From education to employment

#ResultsDay2019 – Young people realise they’ll need #SkillsThatCount

Adam Harper, Director of Strategy and Professional Standards, AAT

Poll: Young people set sights on being their own boss

New research into young people’s attitudes towards their future careers has found that 43% of 16-24-year olds have the ambition to set up their own business during their working life, ahead of this Thursday’s A Level results day.

The findings come from a survey of 1,001 16-24-year olds commissioned by AAT (Association of Accounting Technicians) and conducted by Survation. AAT is the world’s leading professional body for accounting technicians with 130,000 members globally providing accountancy, tax and business advisory services.

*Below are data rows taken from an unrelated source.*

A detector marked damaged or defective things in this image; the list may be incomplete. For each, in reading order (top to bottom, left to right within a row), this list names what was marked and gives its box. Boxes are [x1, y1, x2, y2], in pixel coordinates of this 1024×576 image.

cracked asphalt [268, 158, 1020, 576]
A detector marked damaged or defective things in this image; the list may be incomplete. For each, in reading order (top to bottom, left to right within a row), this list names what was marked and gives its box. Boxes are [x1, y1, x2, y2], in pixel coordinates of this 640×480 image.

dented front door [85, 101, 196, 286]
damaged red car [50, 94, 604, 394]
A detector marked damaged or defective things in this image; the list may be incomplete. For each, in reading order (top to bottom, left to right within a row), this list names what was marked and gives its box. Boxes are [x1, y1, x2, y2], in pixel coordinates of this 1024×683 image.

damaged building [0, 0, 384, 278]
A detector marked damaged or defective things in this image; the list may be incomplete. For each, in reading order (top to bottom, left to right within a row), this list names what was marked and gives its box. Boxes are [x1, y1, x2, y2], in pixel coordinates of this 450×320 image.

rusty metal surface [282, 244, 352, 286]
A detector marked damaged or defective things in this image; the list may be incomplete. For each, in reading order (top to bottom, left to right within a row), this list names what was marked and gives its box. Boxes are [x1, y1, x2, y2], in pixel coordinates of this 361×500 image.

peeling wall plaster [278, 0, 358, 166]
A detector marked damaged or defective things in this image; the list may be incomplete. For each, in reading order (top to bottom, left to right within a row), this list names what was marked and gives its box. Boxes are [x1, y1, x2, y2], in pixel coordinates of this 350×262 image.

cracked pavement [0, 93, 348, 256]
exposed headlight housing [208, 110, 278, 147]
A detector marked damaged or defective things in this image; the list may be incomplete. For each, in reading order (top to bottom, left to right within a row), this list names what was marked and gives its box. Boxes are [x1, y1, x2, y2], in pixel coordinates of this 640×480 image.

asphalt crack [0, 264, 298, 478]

The findings also reveal that young women are just as determined as young men to set up their own businesses one day – 42% vs 44%, suggesting that any constraints of gender are not acting as a deterrent.

Similarly, social-economic background doesn’t act as a barrier to entrepreneurial ambition, with those from a more disadvantaged background being the most ambitious. Almost half (49%) of young people from a lower socio-economic background want to start their own business compared to 46% from a middle socio-economic background and 44% with a higher socio-economic background.

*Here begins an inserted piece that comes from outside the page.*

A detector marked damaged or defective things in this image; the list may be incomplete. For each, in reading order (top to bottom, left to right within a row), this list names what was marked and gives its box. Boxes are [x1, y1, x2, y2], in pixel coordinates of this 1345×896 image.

When it comes to accessibility, well over half (58%) of young people feel that starting their own business is an accessible option for them as a career choice based on their social background. Encouragingly, a similar level (51%) of those from a lower socio-economic background consider that becoming an entrepreneur is accessible to them, this is compared to 47% and 72% respectively for people of a middle and higher socio-economic background.

Asked about what the most important factors are in setting up their own business, having enough money to get started is seen as the top priority (44%). When it comes to the skills required for starting a business, 40% of the young people surveyed identified financial management skills as the most important skill followed by communication/negotiation skills (36%) and leadership skills (29%).  

Adam Harper, Director of Strategy and Professional Standards, AAT said:

“It’s great to see that young people have the ambition to start their own business irrespective of their background. Despite the prevailing barriers to social mobility, the next generation of workers have an entrepreneurial spirit that supersedes these. With the rise of the gig economy, flexible working environments, SME numbers and digital opportunities, young people are increasingly living in a world where they may view their only limitation as the scale of their own ambition.  

“It’s crucial that we support young people’s ambitions by providing them with the solid foundations and transferable skills they need to succeed in whatever career they choose, particularly when they are looking to start a business themselves. 40% of those who wish to start their own business correctly identified the need for financial management skills as being of great importance. At AAT we equip thousands of people with real-world accounting qualifications which will help them in their chosen industry, from engineering to fashion to football – as every sector needs financial skills.”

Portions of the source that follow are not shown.